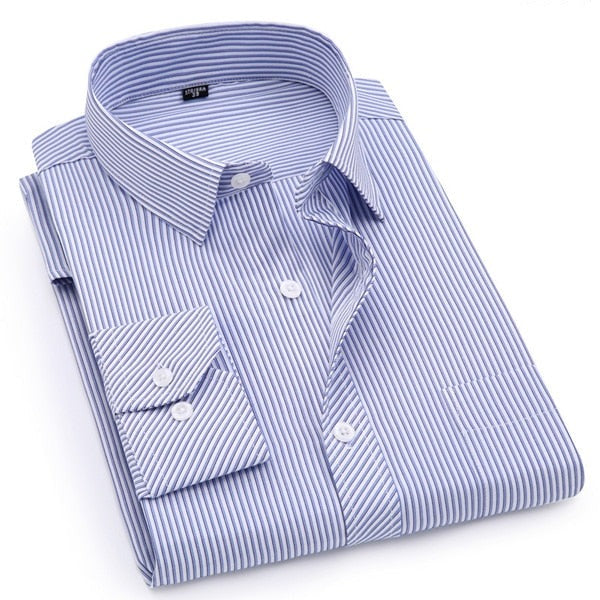 Camisa Valentim Masculina Social ECH012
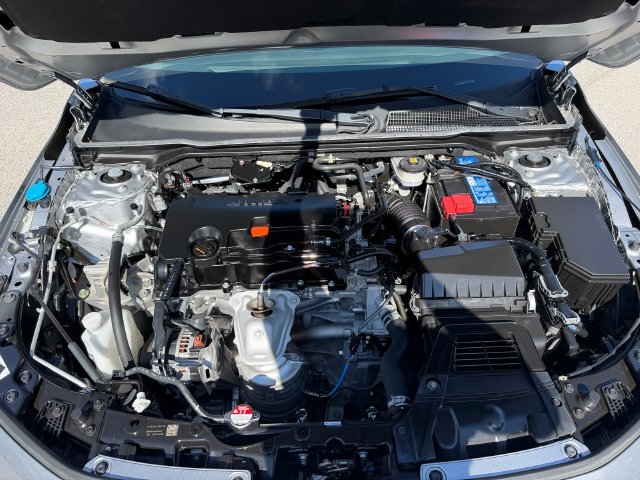 2024 Honda Civic Hatchback Sport - Photo 21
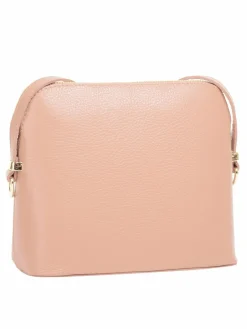 Cluty Taschen & Rucksäcke<Damen Umhängetasche rosa uni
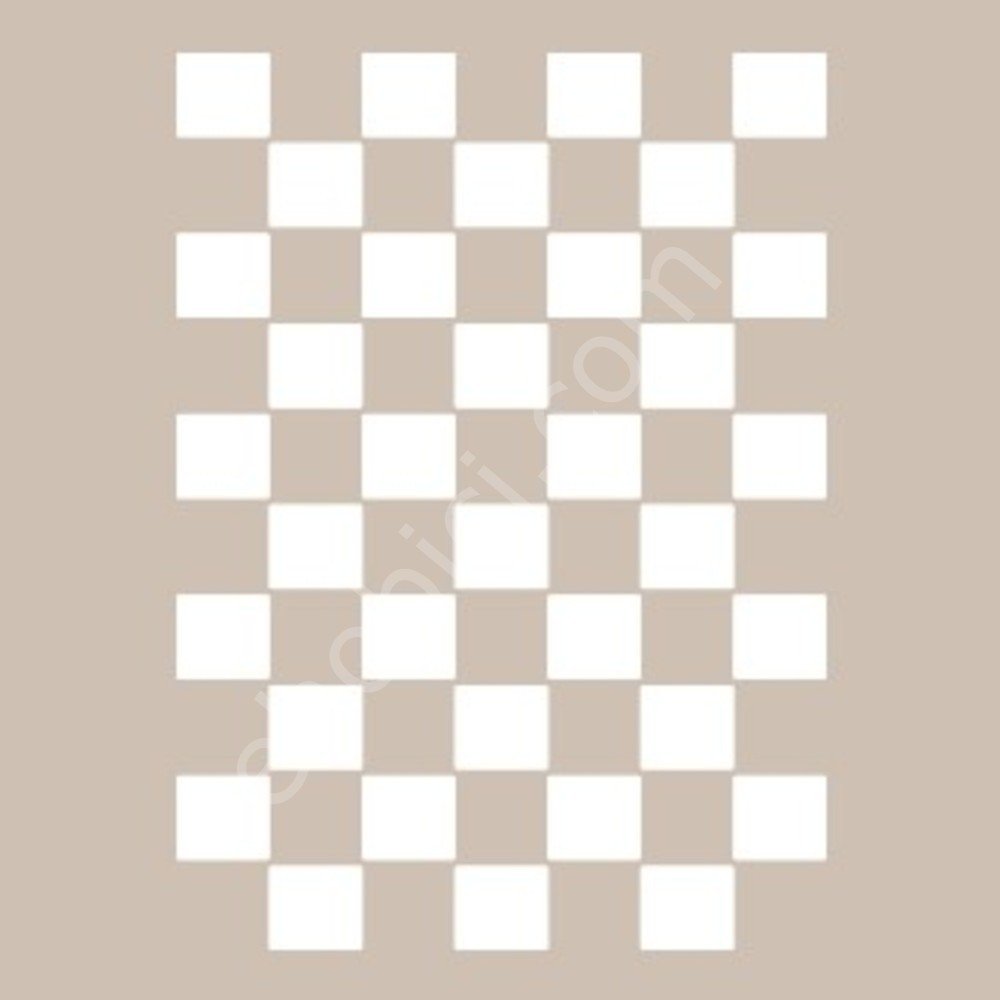 BN07 25x36 Cadence BN Serisisi Stencil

> _TASK DETAILS_: Copy the lines above exactly. Do not include pictures.

> _SOLUTION TO THIS PROBLEM_:
 Camisa Valentim Masculina Social ECH012
 2024 Honda Civic Hatchback Sport - Photo 21
 Cluty Taschen & Rucksäcke<Damen Umhängetasche rosa uni
 BN07 25x36 Cadence BN Serisisi Stencil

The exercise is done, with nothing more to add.